Mobile Search Team Update

See more images from Florida.

March 2009
For the past two months, the Cornell Lab of Ornithology’s mobile search team has been plying the swamps, creeks, thickets, and hummocks of remote protected lands in Florida, looking for the Ivory-billed Woodpecker. So far they have spent time in Big Cypress National Preserve and Everglades National Park.

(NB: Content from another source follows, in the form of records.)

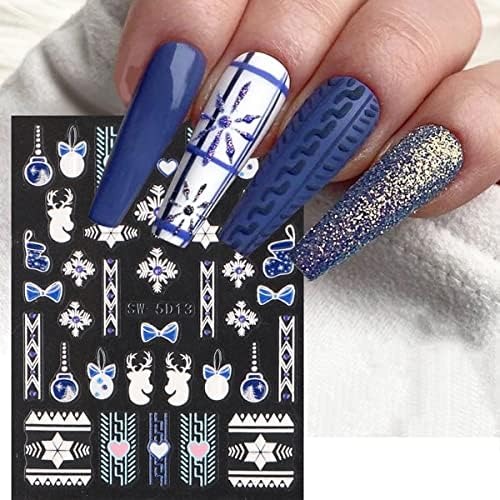 Decalques de adesivos de arte de nail de Natal 5D Luzes de Natal coloridas em relevo Lace Snowflake With Rhinestones Design unha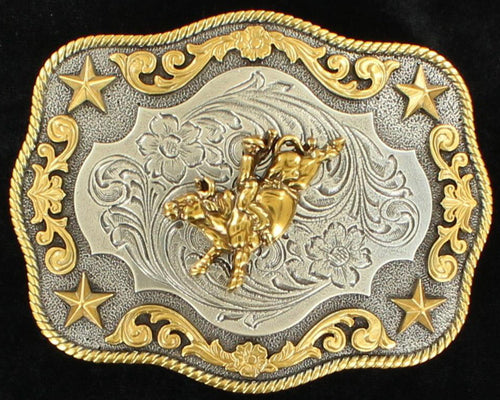 Men's Antique Gold & Silver Buckle with Bull Rider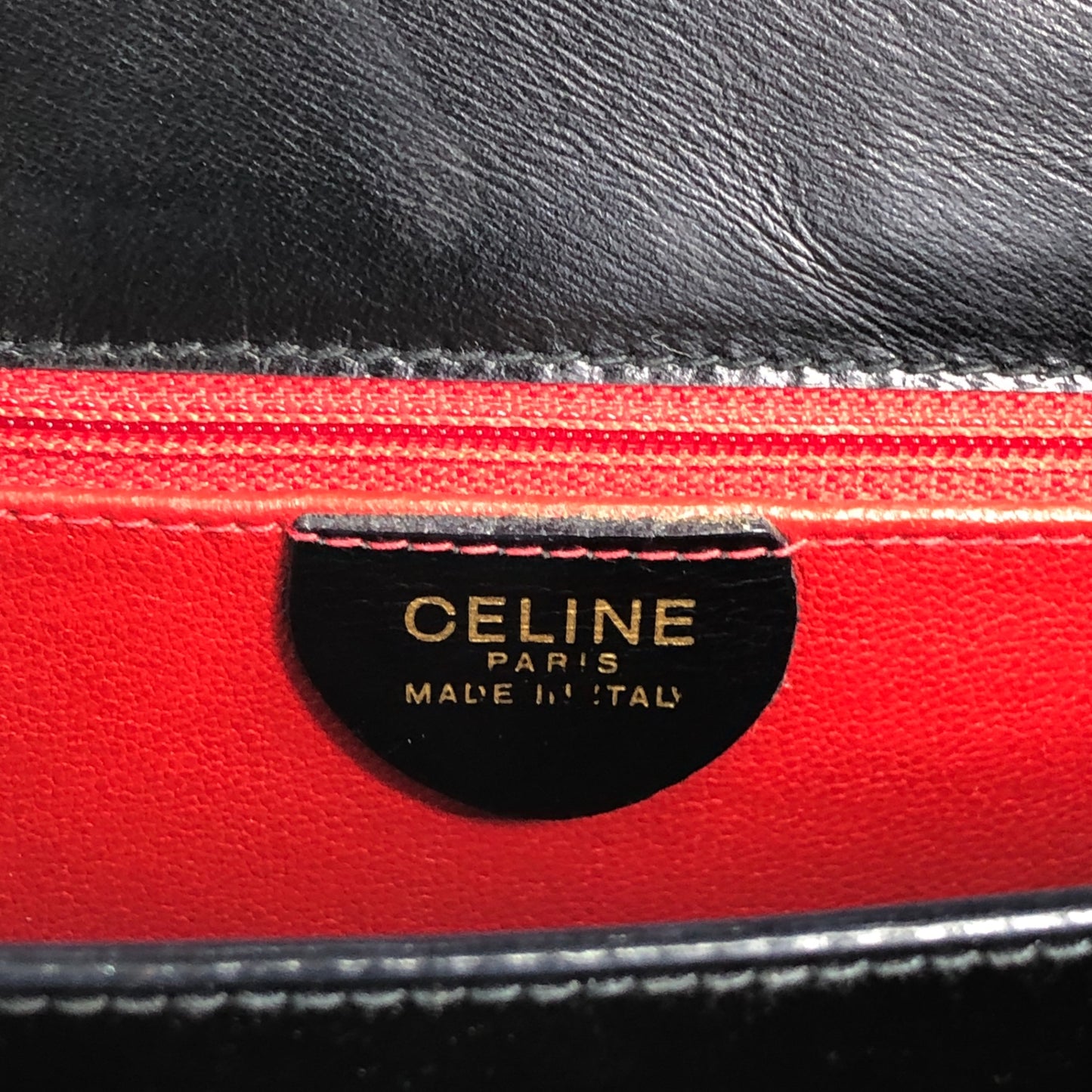 CELINE Circle Logo Shoulder bag Black Vintage kfiinf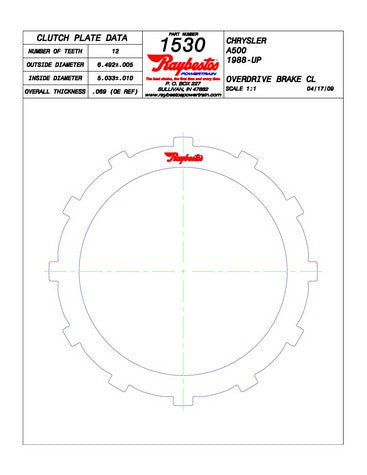 Steel Plates Raybestos Powertrain 511530
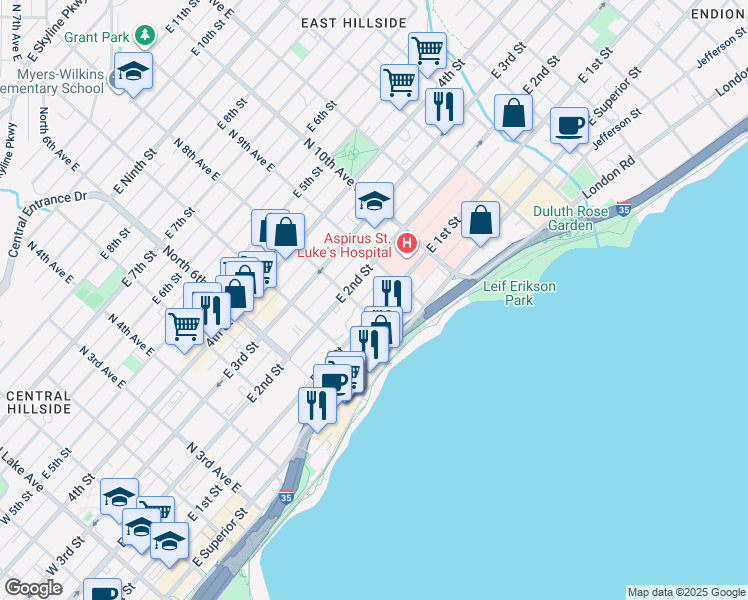 map of restaurants, bars, coffee shops, grocery stores, and more near 807 East 1st Street in Duluth
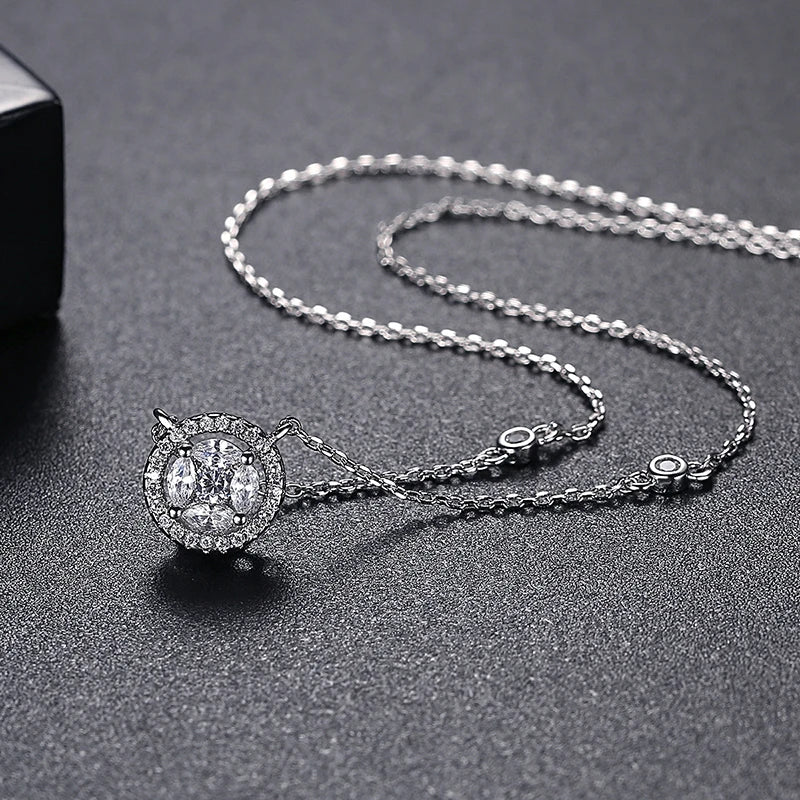 LUOTEEMI Gold-Plated Cubic Zircon Necklace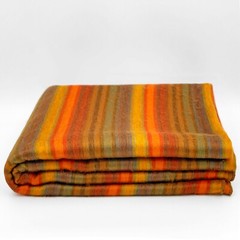 SOFT&WARM GOLDEN ORANGE SUMMER STRIPED ALPACA LLAMA WOOL BLANKET QUEEN BED SOFA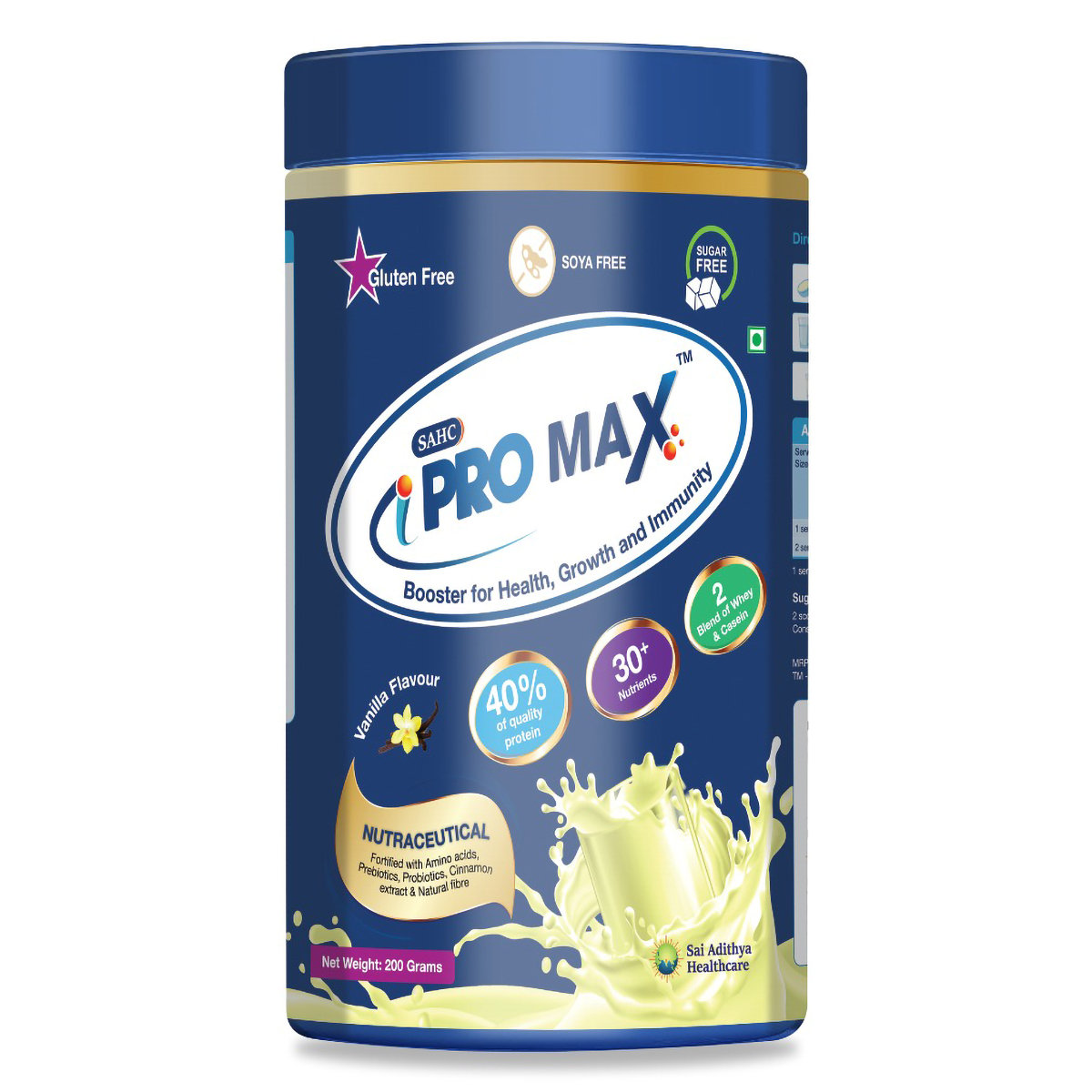 Sahc I Pro Max Sugar Free Vanilla Flavour Powder, 200 gm, Pack of 1 Sahc I Pro Max Sugar Free Vanilla Flavour Powder, 200 gm, Pack of 1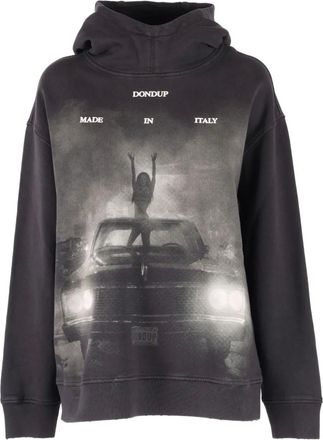 Dondup Felpa a maniche lunghe con cappuccio e stampa grafica - Nero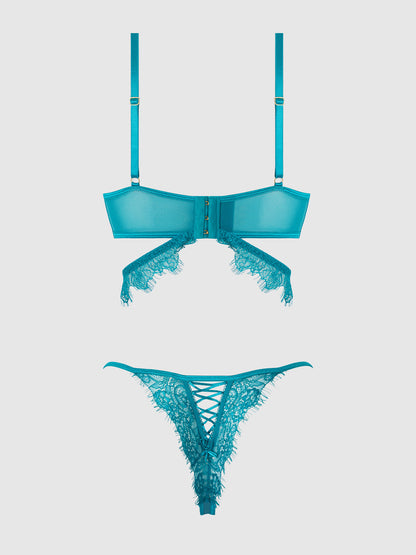 MILA EYELASH LACE STRAPPY LONGLINE BRA & TANGA SET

Tangled mangrove roots are a daunting obstacle. Photo by Martjan Lammertink

The team has not documented an Ivory-billed Woodpecker in either location to date. They remain watchful and motivated, however, based on historical evidence of the ivory-bill’s existence in the area and large tracts of undisturbed habitat.

Big Cypress Preserve

According to team member Caroline Poli, habitat in Big Cypress is incredibly diverse. “Our search areas include everything from tall, airy pine forest with scattered palmetto and fire-managed cabbage palm patches--good potential ivory-bill habitat--to strands of tall, wide-girthed cypress, and vine-choked patches of ponderous oak and maple,” she says. Water levels in all areas are at seasonal highs, causing some problems getting to more remote sites, and frequently resulting in soaked feet.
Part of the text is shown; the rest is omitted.